Lionel (Mescal) and David (O'Connor) meet at the Boston Conservatory in a memorable scene in a bar full of elegantly suited New England men (the handsome costuming is by Miyako Bellizzi; I appreciated her subtle, unique work in this year's Bonjour Tristesse). Lionel overhears David playing folk music on a piano, reminding Lionel of his rural Kentucky roots. The two connect and fall in love. Their song "Silver Dagger" ultimately becomes the film's prescient love theme, its lyrics "All men are false" and "I can't be your bride," suggestive of fates to come (for them, and some of the women in their lives).
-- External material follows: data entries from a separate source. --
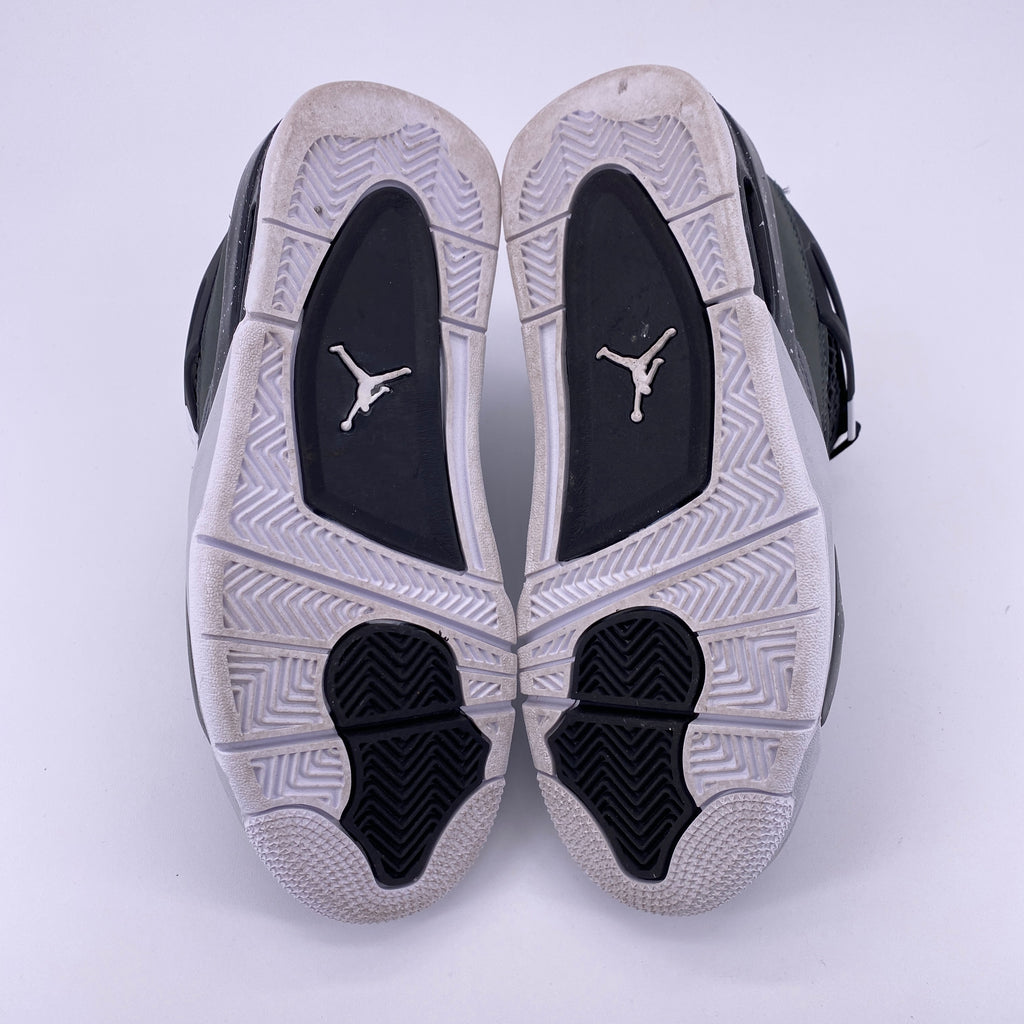 Air Jordan (GS) 4 Retro "Fear Pack" 2024 Used Size 4.5Y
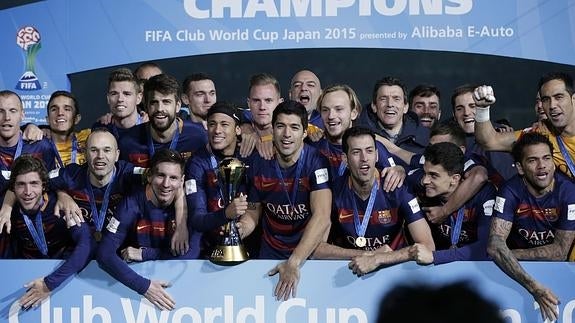 Los jugadorers del Barcelona celebran el Mundial de Clubes logrado en Japón. 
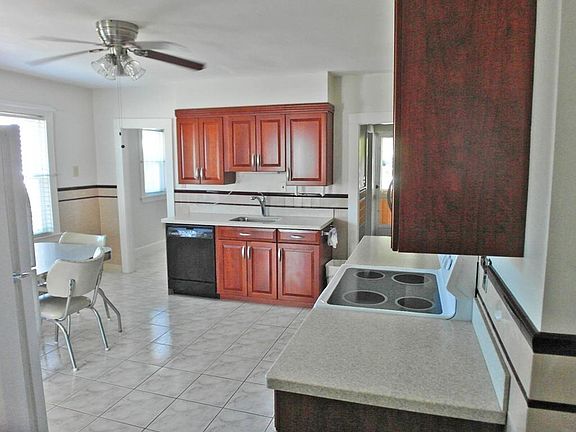 4th image of 60 Heaton Ave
Lionel and David end up doing research together, journeying through the deep backwoods of New England, recording songs from the voices of townsfolk along the way, including descendants of slaves, on wax cylinders. David is haunted by his experiences in war, which broke them apart for some time prior (war "made everything dimmer, cold," he says, a tear in his eye above campfire). Naturally, they drift apart. The film suggests a roaming restlessness in Lionel: we follow him through his early 1920s as moves to Italy to a stint at Oxford, and then, a journey back home again to his Kentucky farm.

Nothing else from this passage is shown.